What does Kurt Vonnegut’s master’s thesis and Anacyclosis have in common?
They both represent the effort to abstract a few general rules out of an infinity of particulars.
KURT VONNEGUT’S MASTER’S THESIS
After serving in the European theatre in World War II – a tour of duty that included being captured by German forces at the Battle of the Bulge – Kurt Vonnegut returned home to pursue a masters’ degree in Anthropology at the University of Chicago.

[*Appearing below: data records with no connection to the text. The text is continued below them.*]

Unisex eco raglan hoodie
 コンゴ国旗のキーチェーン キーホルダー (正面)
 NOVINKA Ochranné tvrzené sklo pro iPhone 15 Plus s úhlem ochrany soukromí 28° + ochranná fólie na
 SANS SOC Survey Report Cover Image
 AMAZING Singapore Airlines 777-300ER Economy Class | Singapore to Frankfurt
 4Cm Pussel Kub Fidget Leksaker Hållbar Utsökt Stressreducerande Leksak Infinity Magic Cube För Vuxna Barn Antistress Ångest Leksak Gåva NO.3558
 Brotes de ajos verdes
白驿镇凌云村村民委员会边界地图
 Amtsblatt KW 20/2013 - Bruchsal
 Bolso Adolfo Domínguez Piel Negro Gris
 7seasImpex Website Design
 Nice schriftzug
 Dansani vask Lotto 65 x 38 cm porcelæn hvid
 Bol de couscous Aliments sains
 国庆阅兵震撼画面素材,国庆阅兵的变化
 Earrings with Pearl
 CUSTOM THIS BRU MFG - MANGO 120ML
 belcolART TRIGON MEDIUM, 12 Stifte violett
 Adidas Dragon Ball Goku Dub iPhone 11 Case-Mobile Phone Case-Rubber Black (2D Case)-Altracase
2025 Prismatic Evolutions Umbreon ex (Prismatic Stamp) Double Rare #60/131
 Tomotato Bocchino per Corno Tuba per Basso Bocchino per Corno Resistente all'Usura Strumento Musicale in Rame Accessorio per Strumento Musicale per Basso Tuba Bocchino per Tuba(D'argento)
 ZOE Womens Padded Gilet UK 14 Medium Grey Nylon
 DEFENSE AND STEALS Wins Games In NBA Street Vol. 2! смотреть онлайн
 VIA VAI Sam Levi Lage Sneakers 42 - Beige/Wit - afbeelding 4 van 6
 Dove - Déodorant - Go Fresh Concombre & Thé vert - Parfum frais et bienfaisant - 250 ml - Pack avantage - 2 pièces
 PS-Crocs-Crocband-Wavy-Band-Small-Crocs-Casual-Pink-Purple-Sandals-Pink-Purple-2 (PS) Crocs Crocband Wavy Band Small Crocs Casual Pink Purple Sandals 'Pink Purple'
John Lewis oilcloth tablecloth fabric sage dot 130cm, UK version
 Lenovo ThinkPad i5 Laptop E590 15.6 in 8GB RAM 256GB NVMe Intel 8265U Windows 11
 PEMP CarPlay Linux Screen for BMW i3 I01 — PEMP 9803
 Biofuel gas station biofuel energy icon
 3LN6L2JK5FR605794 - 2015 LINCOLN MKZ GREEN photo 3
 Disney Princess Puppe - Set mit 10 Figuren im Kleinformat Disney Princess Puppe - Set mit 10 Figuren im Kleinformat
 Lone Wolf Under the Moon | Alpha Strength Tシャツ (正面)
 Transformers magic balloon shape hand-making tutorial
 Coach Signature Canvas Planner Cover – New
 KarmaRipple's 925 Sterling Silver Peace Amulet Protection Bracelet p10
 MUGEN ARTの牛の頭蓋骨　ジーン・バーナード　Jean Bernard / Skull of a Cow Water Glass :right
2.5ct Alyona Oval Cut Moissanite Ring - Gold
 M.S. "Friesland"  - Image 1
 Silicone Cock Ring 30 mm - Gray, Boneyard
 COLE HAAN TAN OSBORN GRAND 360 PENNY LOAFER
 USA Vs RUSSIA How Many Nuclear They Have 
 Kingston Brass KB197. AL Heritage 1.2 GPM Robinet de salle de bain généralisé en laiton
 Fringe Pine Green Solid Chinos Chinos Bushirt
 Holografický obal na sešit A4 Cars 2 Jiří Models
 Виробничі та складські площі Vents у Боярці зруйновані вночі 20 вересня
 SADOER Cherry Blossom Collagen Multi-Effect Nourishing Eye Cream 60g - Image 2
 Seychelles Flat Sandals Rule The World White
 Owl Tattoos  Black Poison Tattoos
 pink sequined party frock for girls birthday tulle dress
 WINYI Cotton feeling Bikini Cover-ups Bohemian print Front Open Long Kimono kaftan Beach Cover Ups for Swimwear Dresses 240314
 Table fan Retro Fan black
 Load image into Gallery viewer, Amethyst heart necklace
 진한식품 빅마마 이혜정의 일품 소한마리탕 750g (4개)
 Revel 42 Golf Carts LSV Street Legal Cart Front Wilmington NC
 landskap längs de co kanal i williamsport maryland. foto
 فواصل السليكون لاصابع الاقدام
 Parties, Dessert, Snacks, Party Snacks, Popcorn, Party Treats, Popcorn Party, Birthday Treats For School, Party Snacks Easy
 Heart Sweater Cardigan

The central theme of his thesis, named “The Fluctuations Between Good and Evil in Simple Tasks”, was that all stories have shapes. That is, the main plot lines, or skeletons, of all stories could be illustrated according to one or another of just a handful of diagrams. Man in a hole, boy gets girl, and the favorite – Cinderella – are examples of perhaps the most famous archetypal story shapes.
His thesis was rejected in 1947 on the basis that it was not really anthropology. Needing to earn a living, he moved on, though he did revisit this idea later in life. Including in this lecture (less than 5 minutes long, so watch it). In his autobiography, Vonnegut himself described this idea as one of if not his most important contribution to literature.
The really interesting part: Almost a decade after his death, researchers at the University of Vermont and the University of Adelaide proved he was right. Feeding almost 2,000 stories through a computer, they showed that all these stories did indeed adhere to one of only six different archetypes, characterized primarily by whether the plot trajectory started good or bad, ended good or bad, and turned for better or worse. The researchers then classified these plots as follows:
Rise (example: rags to riches) | Fall (example: riches to rags) |
Rise, Fall (example: Icarus) | Fall, Rise (example: man in a hole) |
Rise, Fall, Rise (example: Cinderella) | Fall, Rise, Fall (example: Oedipus) |
So, from thousands of particulars Vonnegut abstracted a handful of generalities. Just like Polybius.